Equities in Europe advanced as Germany’s central bank said the nation’s economy is showing signs of recovery in the first quarter of the year.
“The largely stable labour market and a better outlook for output suggest that the economic weakness won’t last all that long,” according to the Bundesbank in its monthly report released today.
The bank forecasts the economy to grow 0.4 percent in 2013 year and 1.9 percent in 2014. Europe’s largest economy contracted 0.5 percent in the fourth quarter of 2012, data last week showed.
Meanwhile, euro zone finance ministers gathered for their first meeting of the year. At the top of their agenda is the financial situation in several peripheral economies including Spain. In addition, the ministers will be discussing how to provide financial help directly to the region’s banks.
Europe’s Stoxx 600 Index ended the day with a 0.3 percent increase from the previous close. Germany’s DAX and France’s CAC 40 both climbed 0.6 percent, while the UK’s FTSE 100 rose 0.4 percent.

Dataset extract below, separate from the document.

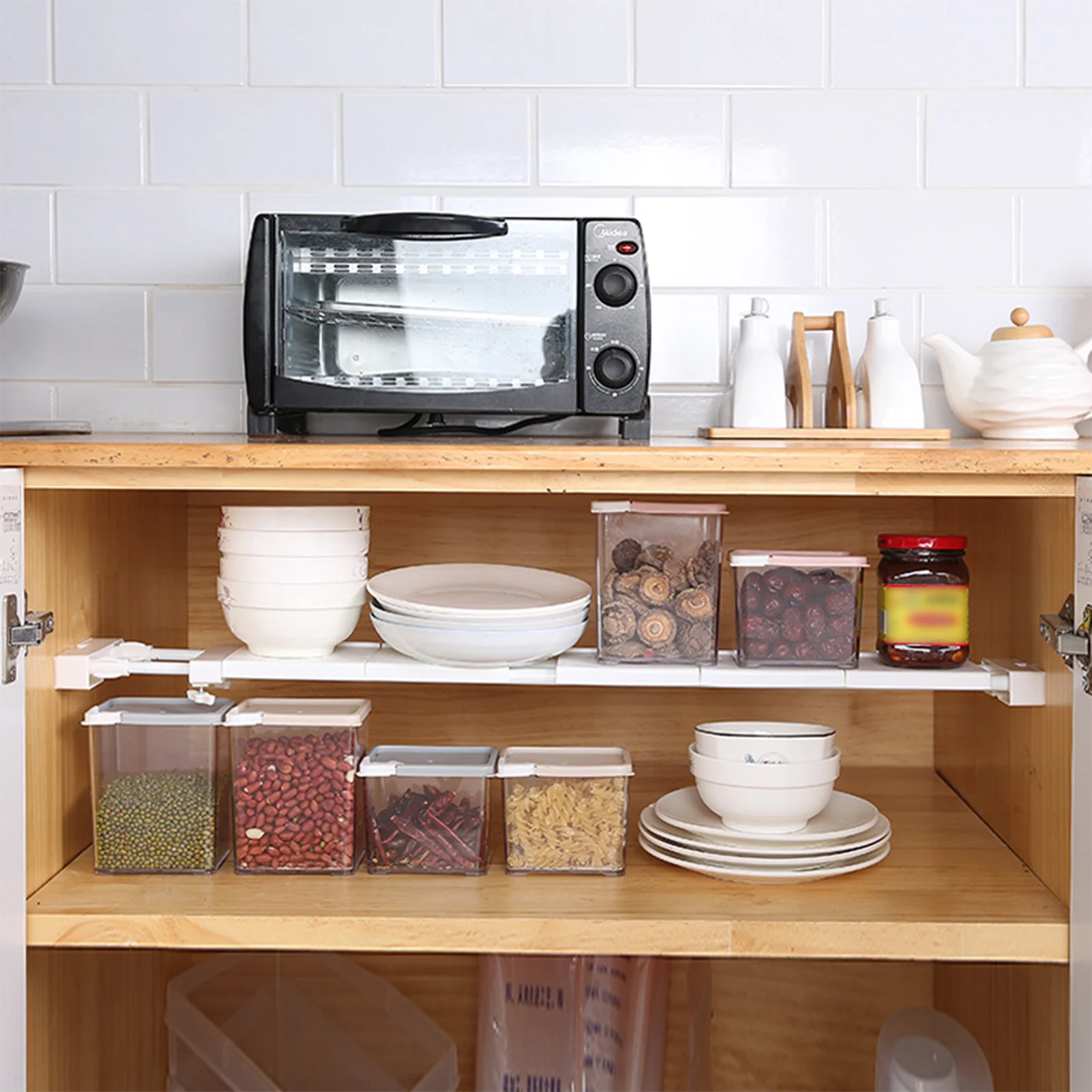 Expandable Kitchen Cabinet Shelf Organizers, Heavy Duty Adjustable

Transportation remains snarled in the UK and France as a winter storm buffets the area, renewing concerns about the economic outlook. In Germany, a weekend electoral loss for Chancellor Angela Merkel’s coalition could block efforts for her government to pass legislation.

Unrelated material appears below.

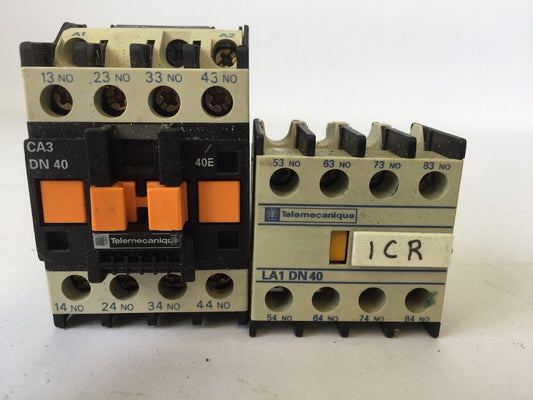 TELEMECANIQUE CA3DN40 CONTACTOR 600VAC  COIL 24V WITH LA1DN40 AUXILIARY CONTACT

US markets were closed for the Martin Luther King Jr holiday on Monday as President Barack Obama celebrated the official start of his second four-year term.
Republicans are gearing up for a Wednesday vote that is expected to provide temporary relief for the US Treasury’s debt ceiling, expected to be reached as early as next month.
The yen rose against the greenback, climbing from the lowest level since June 2010, amid expectations the Bank of Japan will announce further monetary policy easing measures.
The central bank’s two-day policy meeting is expected to result in a doubling of the inflation target and an expansion of its asset-purchase program. The BOJ will increase asset purchases this week, according to all 23 economists in a Bloomberg News survey, with the median estimate for a 10 trillion-yen increase.
“It’s hard to see what the BOJ could say … that would exceed market expectations,” Daragh Maher, a currency strategist at HSBC Holdings in London, told Bloomberg News. “It’s a natural positioning ahead of the Bank of Japan’s meeting given the yen’s decline.”